Heute vor sieben Jahren habe ich über die wichtige Forschungsarbeit der Astronomin Jocelyn Bell Burnell geschrieben. Ihre Entdeckungen in der Radioastronomie und zu den pulsierenden Resten toter Sterne hat sie in den 1960er-Jahren gemacht; Jocelyn Bell Burnell hat aber auch heute noch interessante und wichtige Dinge zu sagen. Zum Beispiel in diesem Vortrag, den ich euch heute gerne zeigen möchte:
Einen Satz aus diesem Vortrag finde ich besonders wichtig: “We need all the talent”, sagt Bell Burnell und hat damit völlig recht! Egal wie viele sehr gute Gründe es sonst noch gibt (und es gibt sehr viele sehr gute Gründe!) dafür zu sorgen dass mehr Frauen die Möglichkeit haben eine wissenschaftliche Karriere zu verfolgen: Allein aus diesem Grund ist es eigentlich offensichtlich, dass der Status Quo immer noch nicht gut genug ist. Es ist einfach absurd, so viel potentielles Wissen einfach zu ignorieren!

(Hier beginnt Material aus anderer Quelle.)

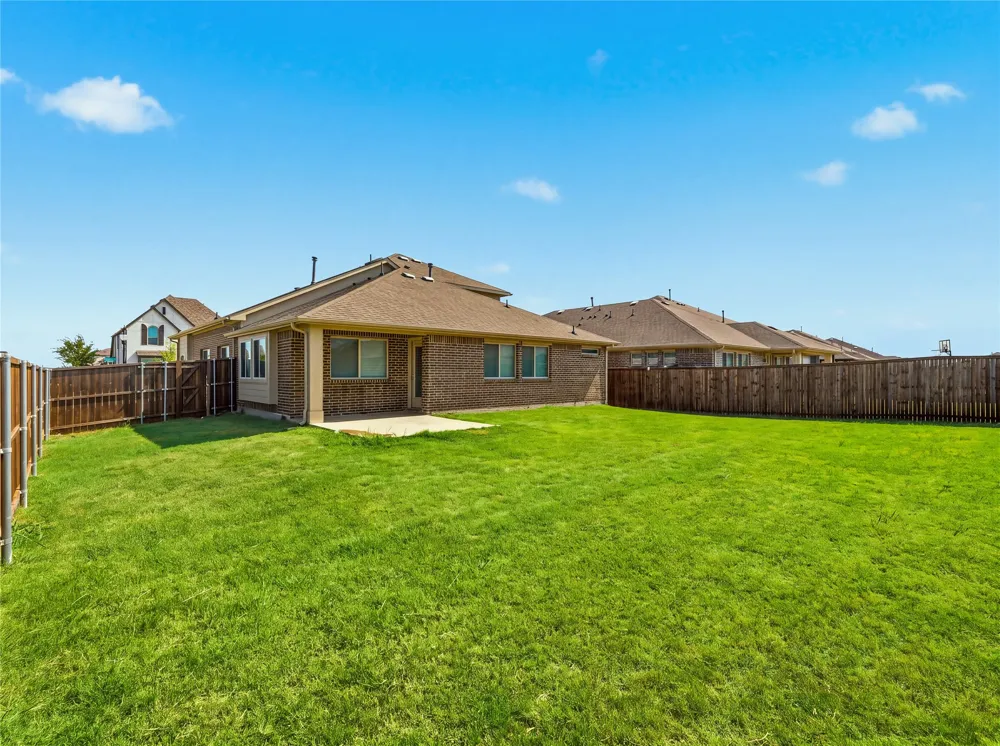 1204 Sumner Street Aubrey, TX 76227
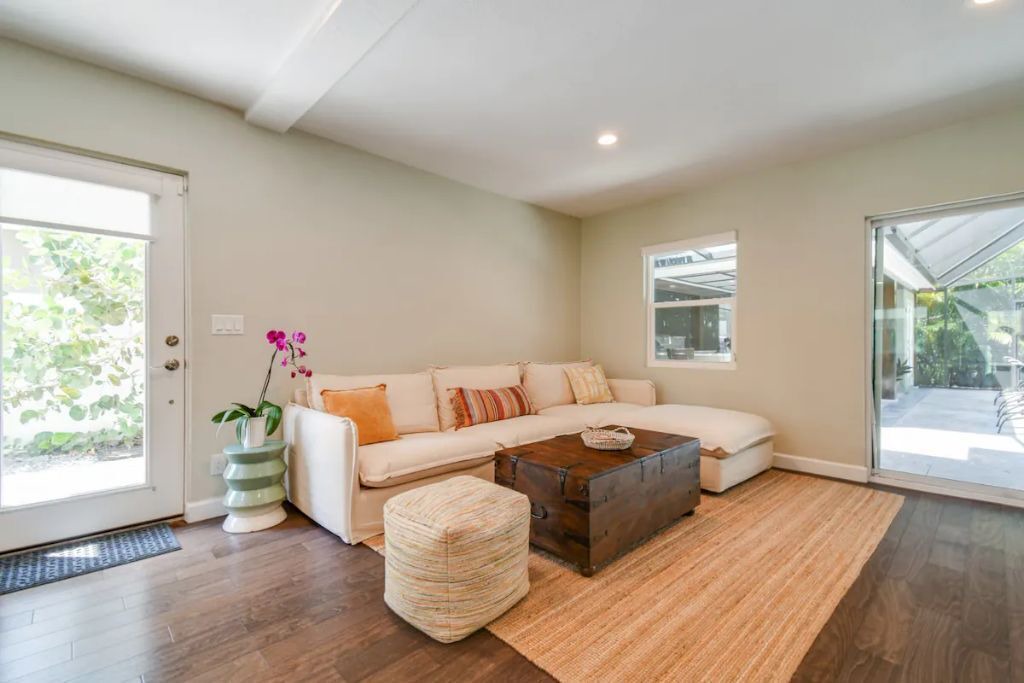 Photo of Livingroom in Sun Bay South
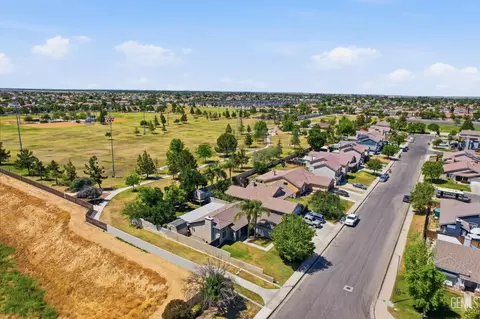 4601 Grazing Ave, Bakersfield, CA 93312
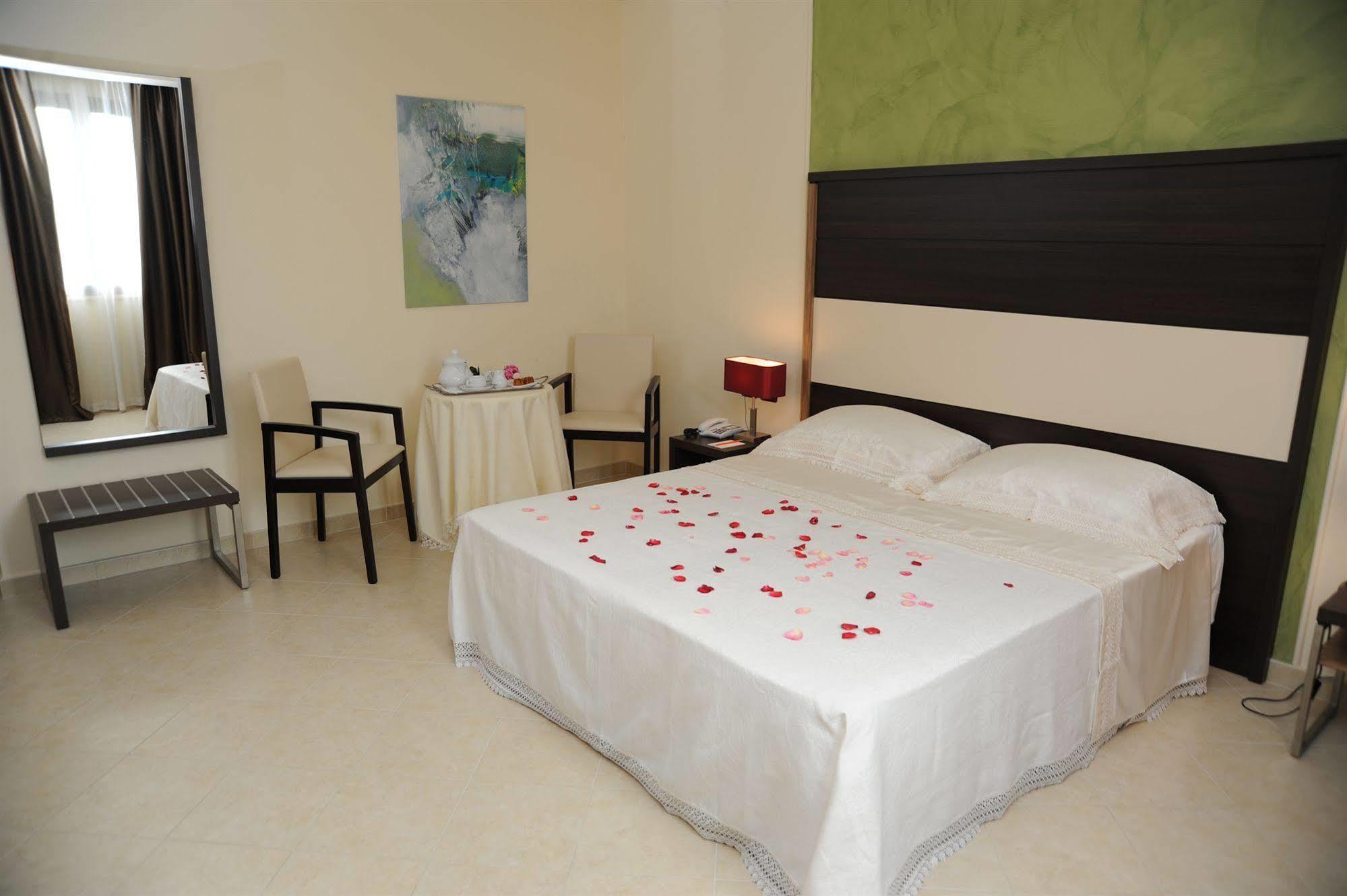 Viola Palace Hotel Villafranca Tirrena Kültér fotó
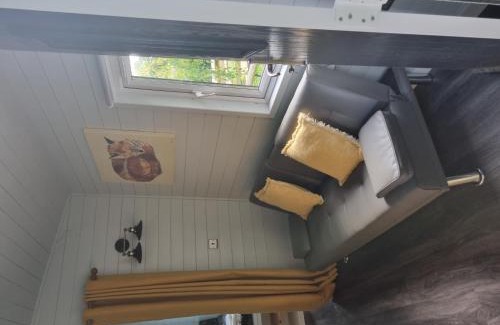 Llanfair Caereinion Casa | Glamping Hut - Riverview 3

Ich bin einmal bei einem Interview gefragt worden, was die großen offenen Fragen der Wissenschaft sind und was man tun kann, um sie zu beantworten. Bei einigen (zum Beispiel bei der Identifikation der Dunklen Materie) ist das vergleichsweise leicht zu beantworten; hier ist mittlerweile ziemlich klar, in welcher Richtung man die Antworten suchen muss und welche Forschungszweige man verstärkt verfolgen sollte. Bei anderen Fragen ist es schwieriger. Eine der größten offenen Fragen ist vermutlich die nach der Zusammenführung von Gravitationstheorie und Quantenmechanik in einer übergeordneten Theorie. Daran arbeiten Forscherinnen und Forscher seit Jahrzehnten und sind noch nicht wesentlich voran gekommen. Ohne so eine Theorie wird die Naturwissenschaft aber irgendwann an ihre Grenzen stoßen. Was soll man also tun? In welche Richtung soll man forschen?
Ich habe damals keine Antwort auf diese Frage gehabt und habe auch heute keine. Wie so eine Theorie der Quantengravitation wirklich aussehen kann, ist immer noch so unklar, dass sie irgendwo her kommen könnte. Die einzige Antwort die ich habe: Wir müssen dafür sorgen, dass wesentlich mehr Menschen Interesse an der Wissenschaft haben als heute! Und vor allem müssen wir dafür sorgen, dass wesentlich mehr Menschen die Möglichkeit haben, wissenschaftliche Karrieren zu verfolgen!
Die Wissenschaft hat schon so enorm viel erreicht. Wir haben so enorm viel über unser Universum herausgefunden; unsere Welt und unseren Alltag so enorm verändert. Und trotzdem sind die Ergebnisse der Wissenschaft fast ausschließlich von europäischen/nordamerikanischen Männern gefunden worden. Die stellen aber nur einen kleinen Teil der gesamten Weltbevölkerung dar. Wie anders könnte unsere Welt heute aussehen, wenn wir all das geistige Potential so vieler anderen Menschen nicht so lange ignoriert hätten und heute immer noch viel zu sehr ignorieren? Was hätten wir schon alles entdecken und herausfinden können, wenn von Anfang an die Frauen einen gleichberechtigten Zugang zur Wissenschaft gehabt hätten? Wenn nicht so große Teile der Welt (zum Beispiel in Afrika) unter so vielen anderen Problemen zu kämpfen haben?
Vielleicht hat man der Person, die unsere Energiekrise lösen hätte können eine wissenschaftliche Karriere ausgeredet, weil das “nichts für Frauen” ist? Vielleicht ist die Entdeckerin der Quantengravitation in irgendeinem afrikanischen Land verhungert? Welche Chancen haben wir verpasst, weil unsere Gesellschaft nicht allen die gleichen Chancen bietet? Jocelyn Bell Burnell hat völlig Recht, wenn sie sagt dass wir das ganze Talent der Menschheit brauchen. Eine andere Strategie können wir uns schlicht und einfach nicht leisten.